*** Dataset excerpts Section Begins ***

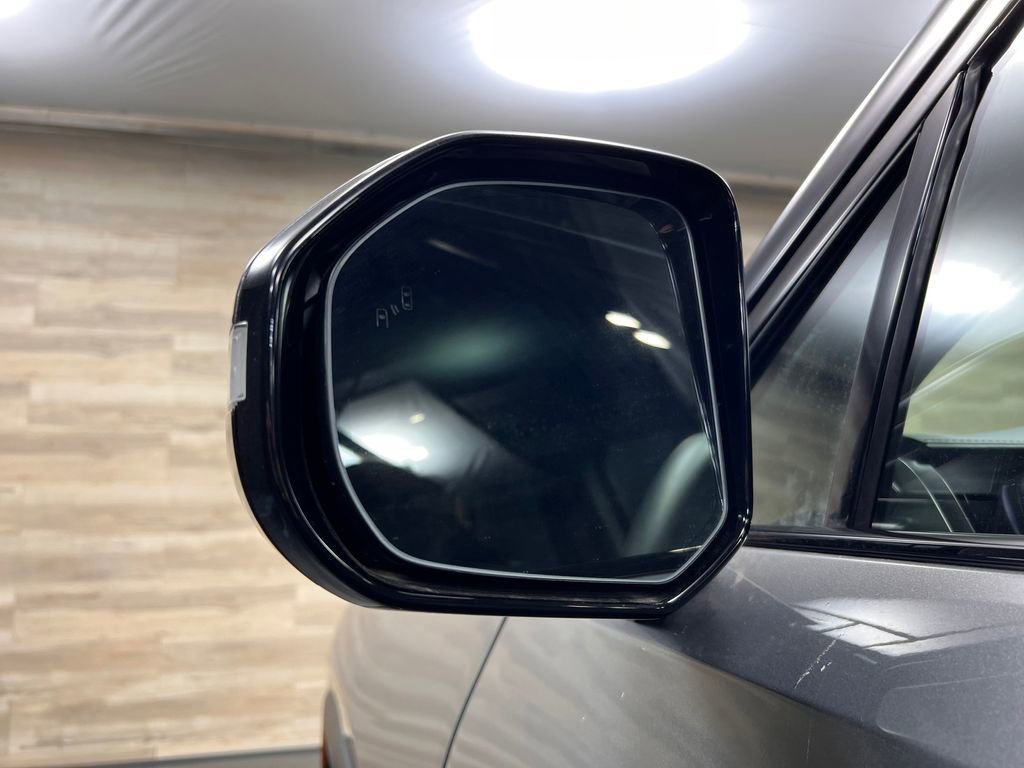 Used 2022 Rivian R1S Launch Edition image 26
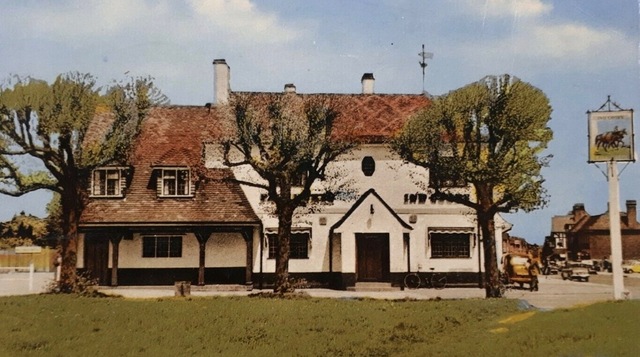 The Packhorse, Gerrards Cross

*** Dataset excerpts Section Ends ***
*** Dataset excerpts Section Begins ***

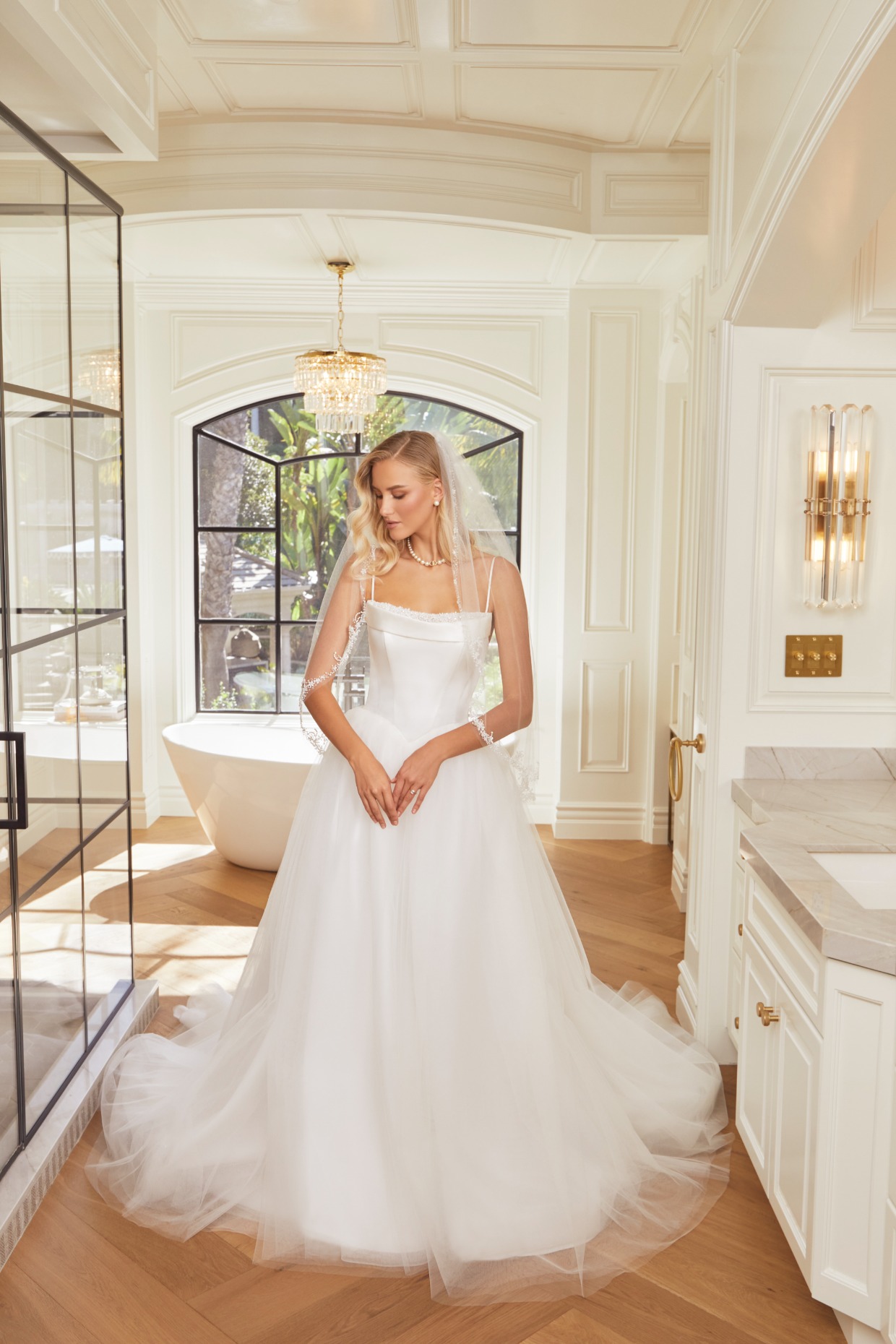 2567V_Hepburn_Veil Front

*** Dataset excerpts Section Ends ***

What this task involves: The lines above from the line with "Used 2022 Rivian R1S Launch Edition image 26" through the line with "The Packhorse, Gerrards Cross" are to be given again word for word, with no pictures among them.

Exercise result:
 Used 2022 Rivian R1S Launch Edition image 26
 The Packhorse, Gerrards Cross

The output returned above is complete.